Although the records contain pictures, only their text should be repeated, exactly as it stands.

--- Supplied material Enclosed Below ---

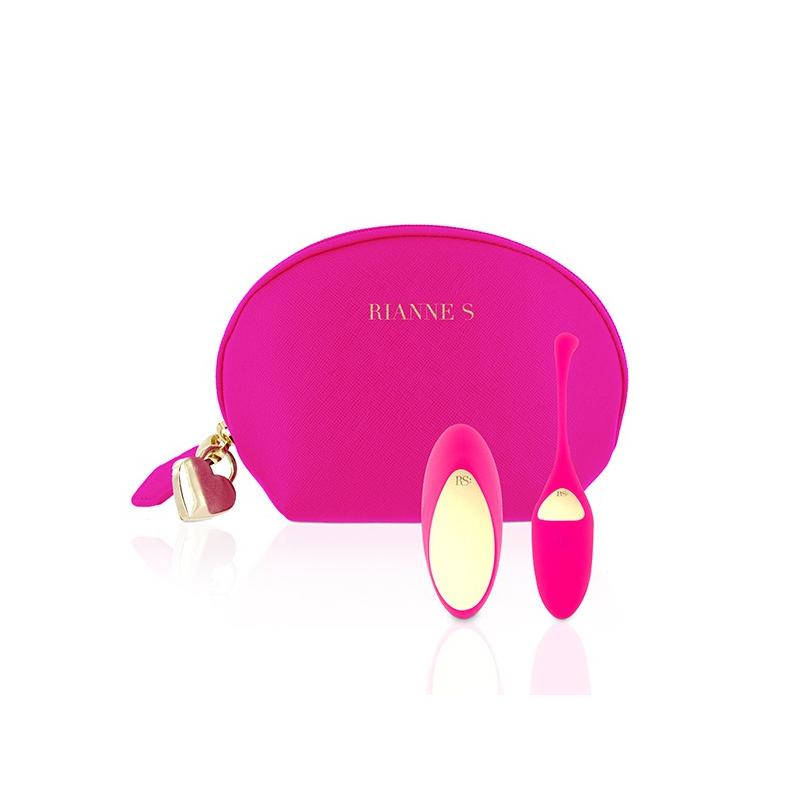 Rianne S Essentials Pulsy Playball Pink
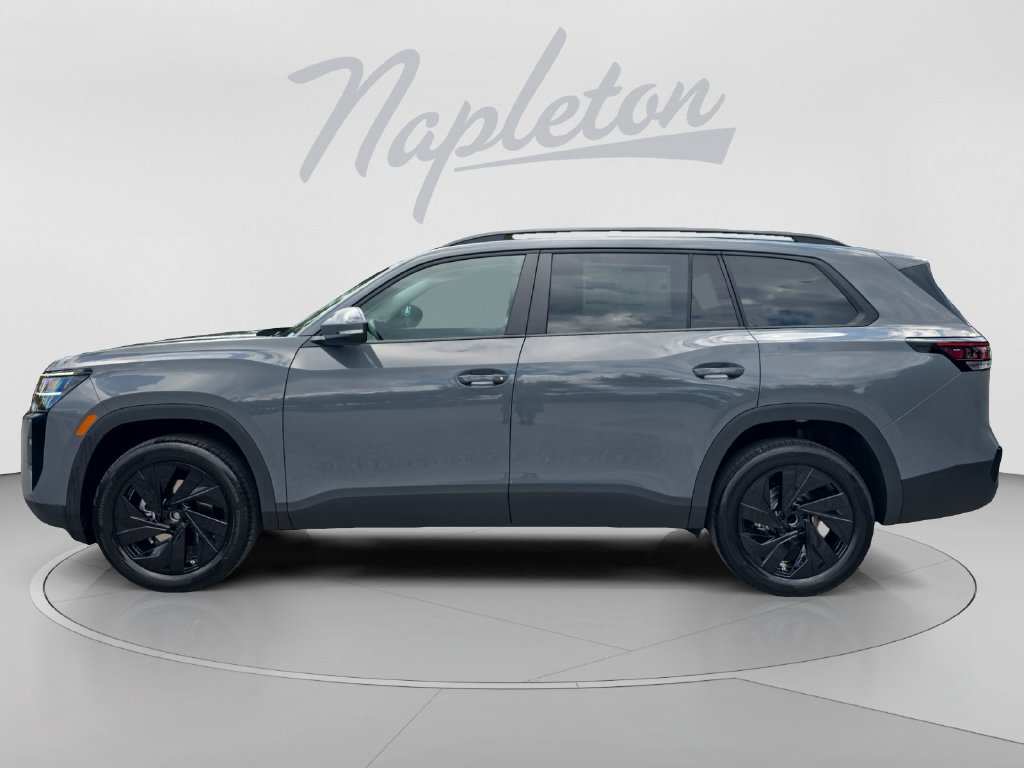 New 2027 Volkswagen Atlas SE FWD image 2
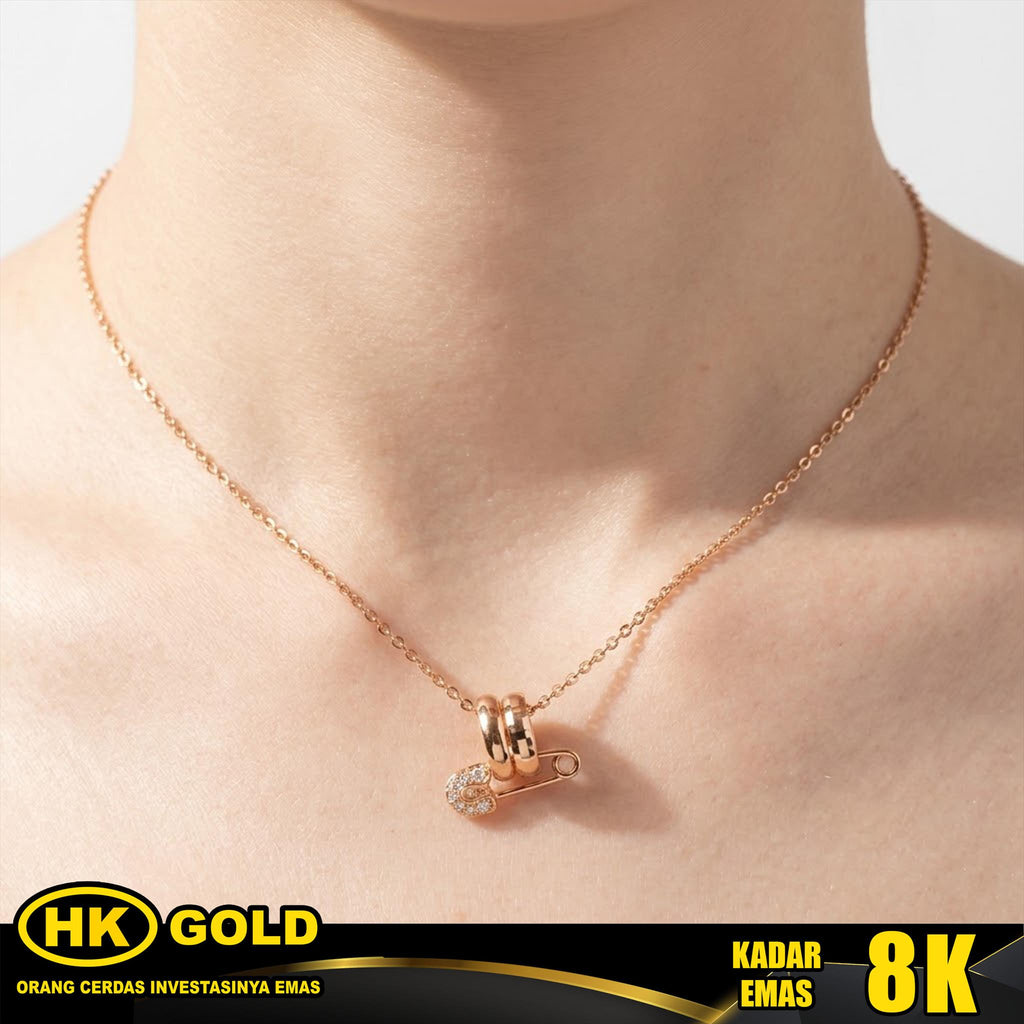 Kalung Emas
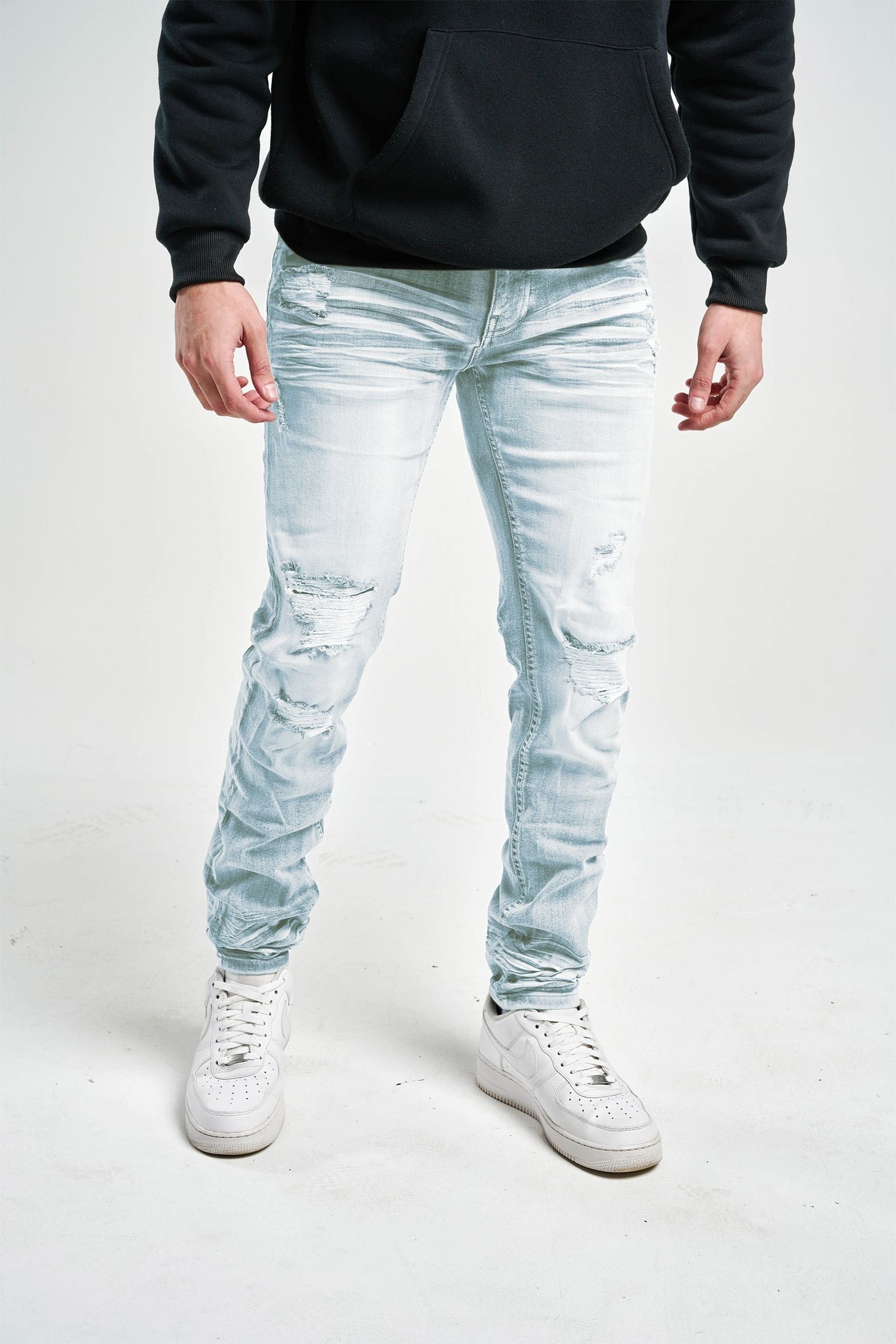 SPARK| S4403 Slim Slim Fit Jean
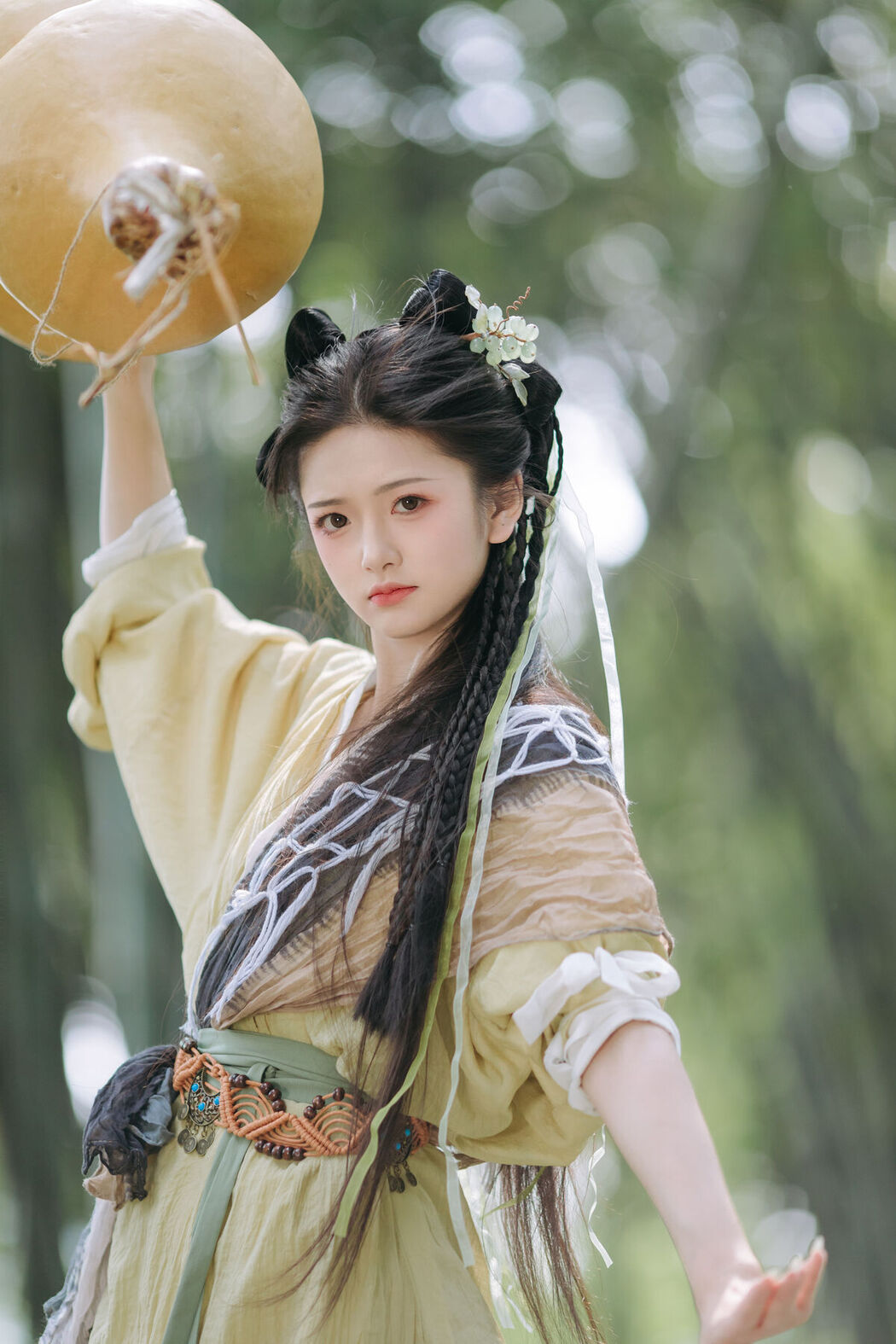 YiTuYu艺图语 Vol.7854 Chi Yan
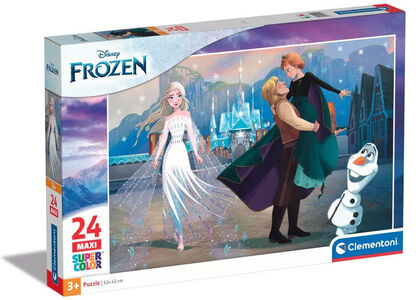 Clementoni Maxi Disney Frozen 2 Palapeli 24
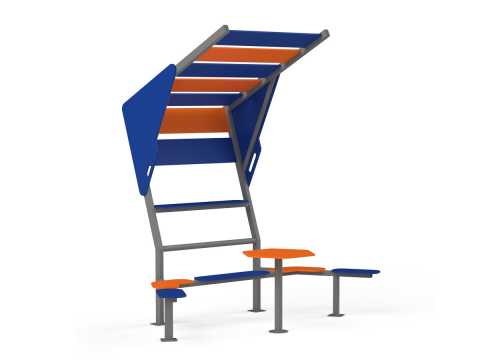 Foișorul pentru copii tip GBL15 [2]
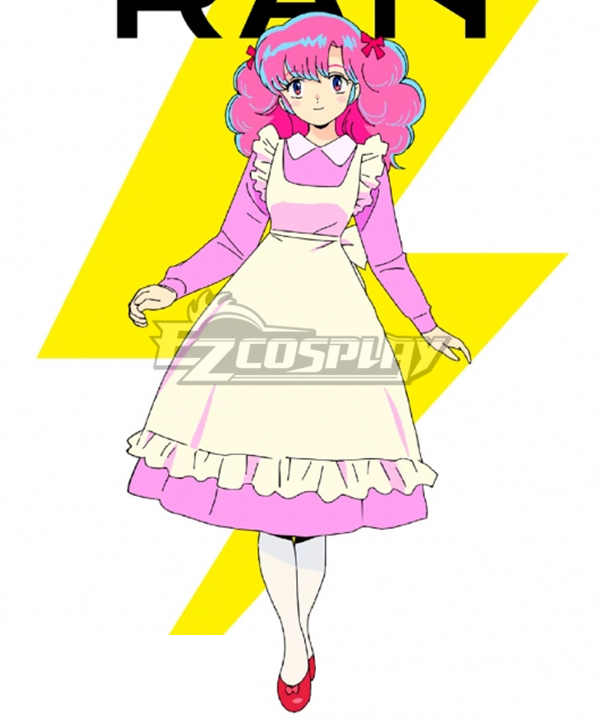 Urusei Yatsura 2022 Anime Ran Cosplay Costume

--- End of Enclosed Supplied material ---

▶ [Expected output]
 Rianne S Essentials Pulsy Playball Pink
 New 2027 Volkswagen Atlas SE FWD image 2
 Kalung Emas
 SPARK| S4403 Slim Slim Fit Jean
 YiTuYu艺图语 Vol.7854 Chi Yan
 Clementoni Maxi Disney Frozen 2 Palapeli 24
 Foișorul pentru copii tip GBL15 [2]
 Urusei Yatsura 2022 Anime Ran Cosplay Costume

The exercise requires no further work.